> _TASK DIRECTIONS_: Repeat the listing below line by line, exactly, leaving its pictures behind.

> _INFORMATION SUPPLIED_:
== == ==
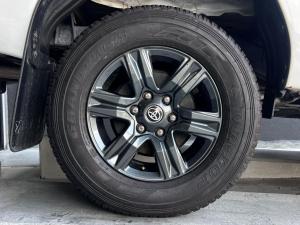 Toyota Hilux 2.4GD-6 single cab Raider manual - Image 8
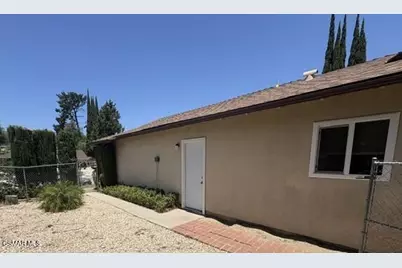2542 Sirius Street, Thousand Oaks, CA 91360 - Photo 34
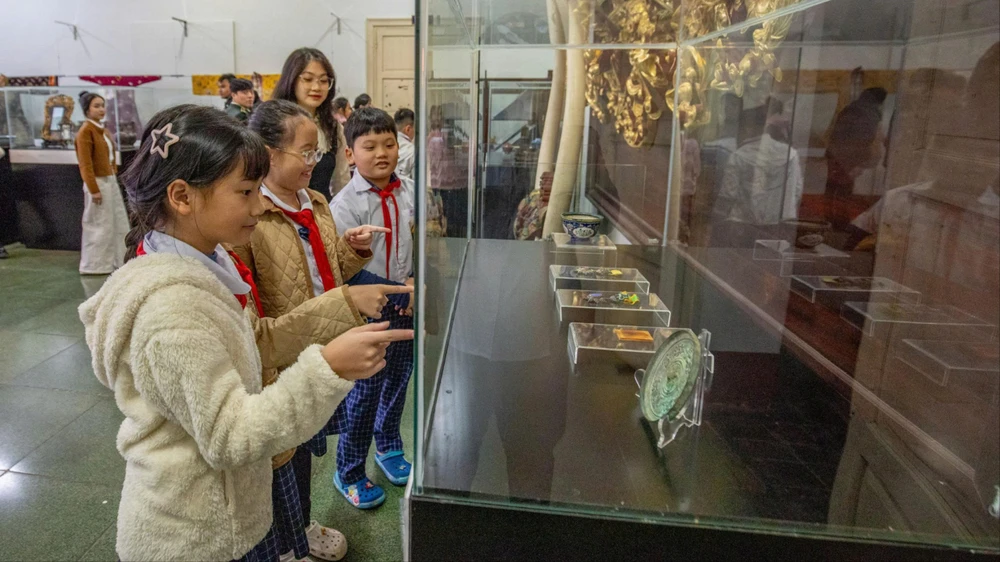 khong-bien-giao-duc-di-san-thanh-cuon-lich-su-van-hoa-chat-tai-len-vai-hoc-sinh (2).jpg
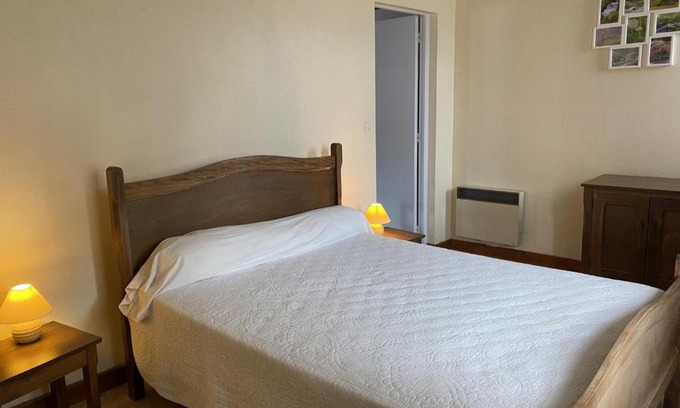 Arfeuilles Apartment | Appartement Arfeuilles, 2 pièces, 3 personnes - FR-1-489-158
== == ==
> _WRITTEN REPLY_:
 Toyota Hilux 2.4GD-6 single cab Raider manual - Image 8
2542 Sirius Street, Thousand Oaks, CA 91360 - Photo 34
 khong-bien-giao-duc-di-san-thanh-cuon-lich-su-van-hoa-chat-tai-len-vai-hoc-sinh (2).jpg
 Arfeuilles Apartment | Appartement Arfeuilles, 2 pièces, 3 personnes - FR-1-489-158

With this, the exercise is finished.